The duplicate-open mistake is one of the quietly common ones — you think you've finished a pen, you open the next one, and three days later you find the old one with two doses still in it at the back of the fridge or the kitchen counter. Sometimes it's a few days' worth of medication you can't use; sometimes it's a refill request submitted earlier than it needed to be, which throws the prescription rhythm out of sync with the calendar. The fix is a single column in the journal — a pen-lifecycle ledger.
One row per pen, in order. Each row holds two dates: the day you broke the seal on the pen, and the day you finished it. Both dates get logged the moment they happen, not later.
Three things that ledger gives you. One. You can never double-open, because the active pen is the one with an open-date and no depleted-date — one tap to confirm.
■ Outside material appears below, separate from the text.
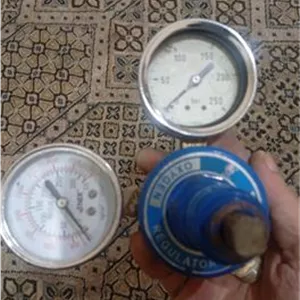 مانومتر هوا و گاز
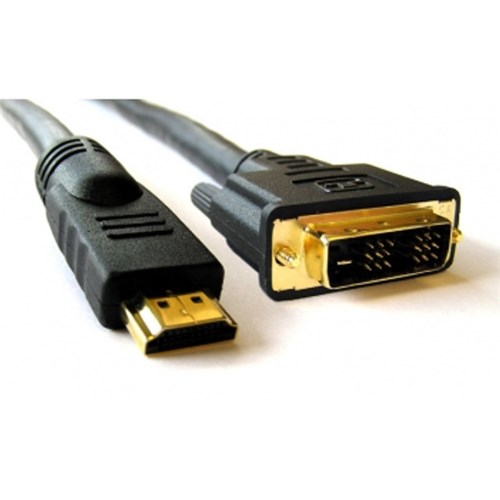 DVI-D (M) to HDMI F Adapter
Two. You know exactly when the next refill needs ordering, because the average pen-lifespan across the last four entries tells you the rhythm — most weekly users land between 28 and 32 days per pen, but it varies by dose and stays surprisingly consistent per person. Three.
The ledger is the cleanest record to share at a refill conversation with the pharmacist, who occasionally asks 'how long does a pen typically last you' and otherwise gets a vague answer. Titra has a one-line entry slot per pen — you can sit the ledger inside the journal without creating a separate tracking app. Organisational note: the medication itself is your prescriber's call, and the storage rules are on the leaflet.
The ledger is just the calendar of when each pen lived and died.